◆ What you should do: From the first line to the last, restate the material word for word; pictures stay out.
═══ Data provided ═══
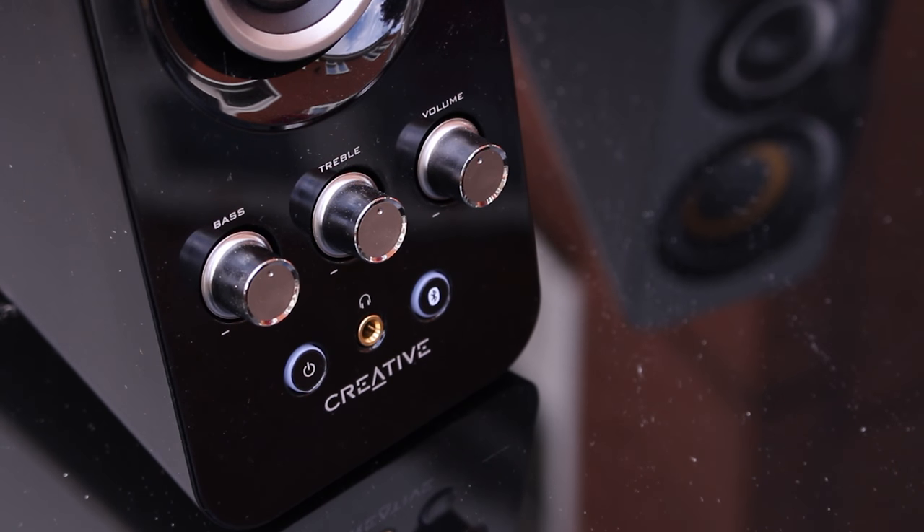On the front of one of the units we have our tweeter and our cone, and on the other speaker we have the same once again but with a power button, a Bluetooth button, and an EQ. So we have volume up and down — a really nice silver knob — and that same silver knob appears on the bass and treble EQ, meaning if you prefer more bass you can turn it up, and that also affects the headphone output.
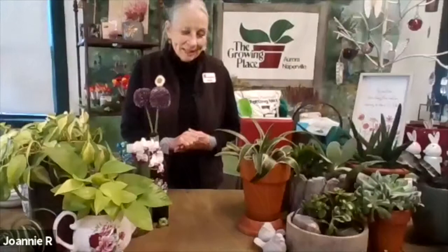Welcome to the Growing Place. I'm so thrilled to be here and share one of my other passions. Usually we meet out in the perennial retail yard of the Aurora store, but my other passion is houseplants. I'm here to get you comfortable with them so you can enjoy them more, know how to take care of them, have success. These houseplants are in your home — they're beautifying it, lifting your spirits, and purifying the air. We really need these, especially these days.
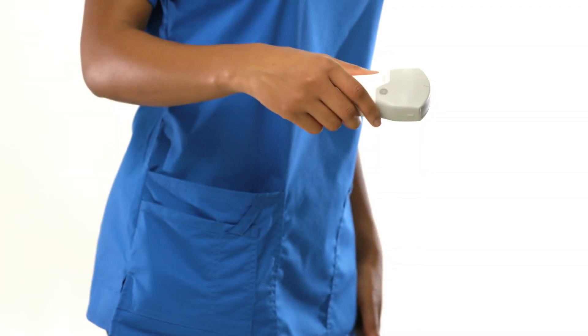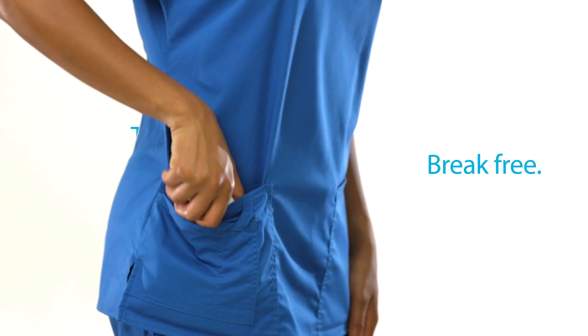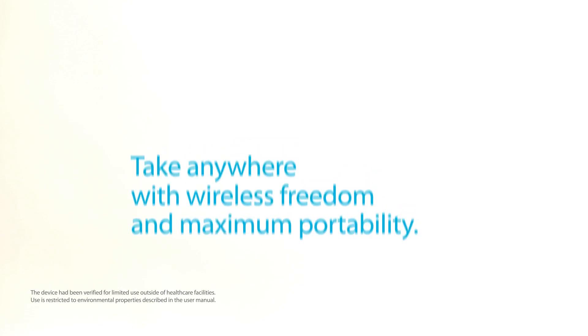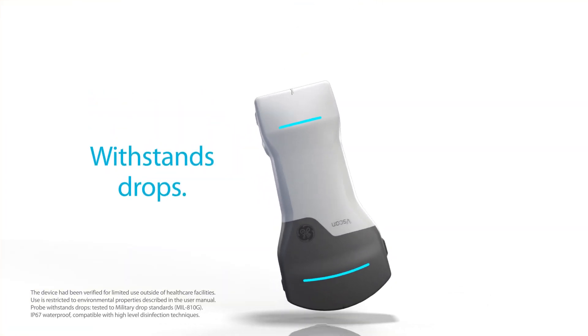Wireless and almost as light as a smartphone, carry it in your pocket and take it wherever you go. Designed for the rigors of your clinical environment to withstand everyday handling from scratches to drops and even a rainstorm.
═══
◆ Answer space:
On the front of one of the units we have our tweeter and our cone, and on the other speaker we have the same once again but with a power button, a Bluetooth button, and an EQ. So we have volume up and down — a really nice silver knob — and that same silver knob appears on the bass and treble EQ, meaning if you prefer more bass you can turn it up, and that also affects the headphone output.
Welcome to the Growing Place. I'm so thrilled to be here and share one of my other passions. Usually we meet out in the perennial retail yard of the Aurora store, but my other passion is houseplants. I'm here to get you comfortable with them so you can enjoy them more, know how to take care of them, have success. These houseplants are in your home — they're beautifying it, lifting your spirits, and purifying the air. We really need these, especially these days.
Wireless and almost as light as a smartphone, carry it in your pocket and take it wherever you go. Designed for the rigors of your clinical environment to withstand everyday handling from scratches to drops and even a rainstorm.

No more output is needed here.